# EXERCISE DETAILS
Set down only the lines from the one containing "Phormium Cookianum Tricolor" through the final line of the entries below, exactly as they stand, with no pictures.

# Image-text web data
• • •

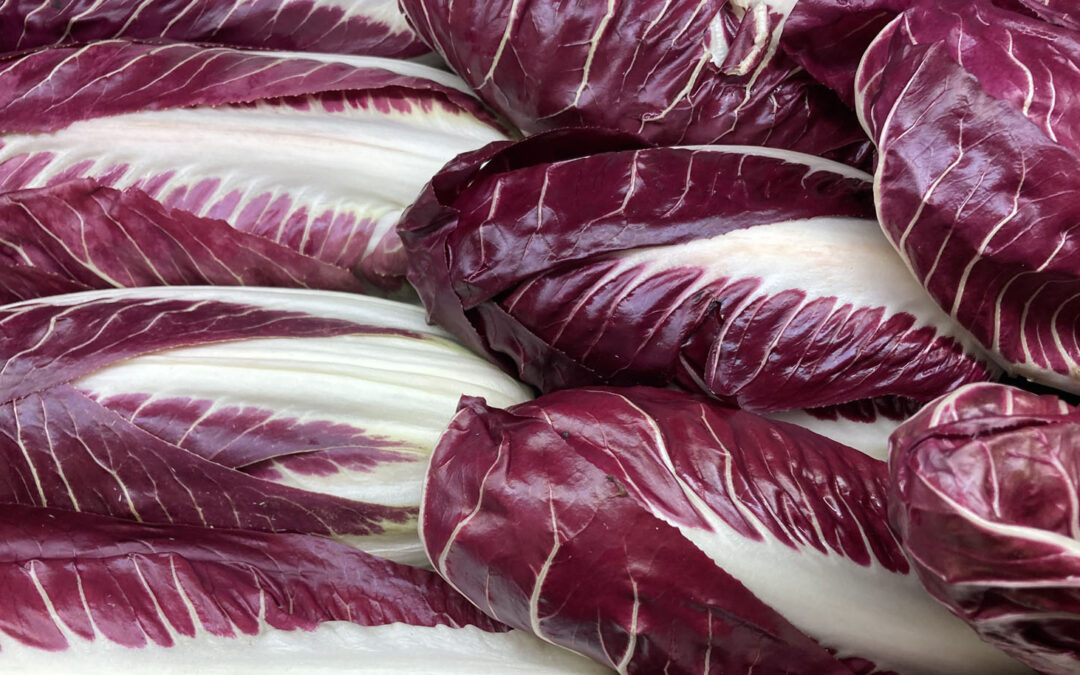 Radicchio – zart, bitter, gesund!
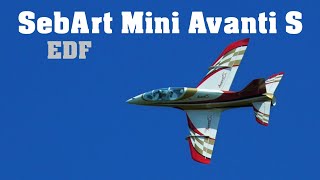 SebArt Mini Avanti S 90mm  EDF RC aircraft  4K  2022 [upl. by Clintock]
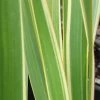 Phormium Cookianum Tricolor - Lin Des Montagnes -Promesse de Fleurs Magasin Phormium Tricolor 83432 1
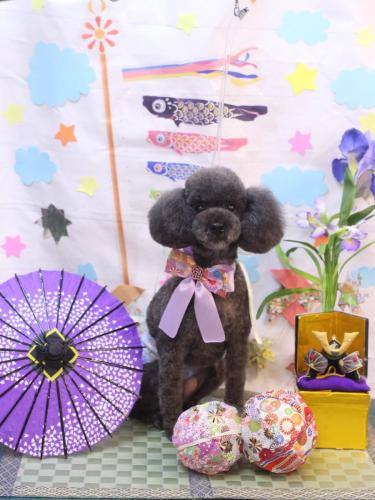 20240510ボーロくん (1)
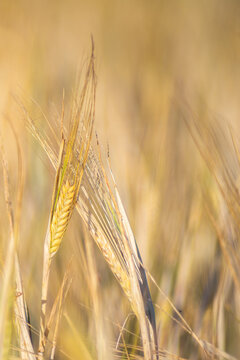 Golden barley ears in summer field with soft background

• • •

# PROBLEM SOLUTION
 Phormium Cookianum Tricolor - Lin Des Montagnes -Promesse de Fleurs Magasin Phormium Tricolor 83432 1
 20240510ボーロくん (1)
 Golden barley ears in summer field with soft background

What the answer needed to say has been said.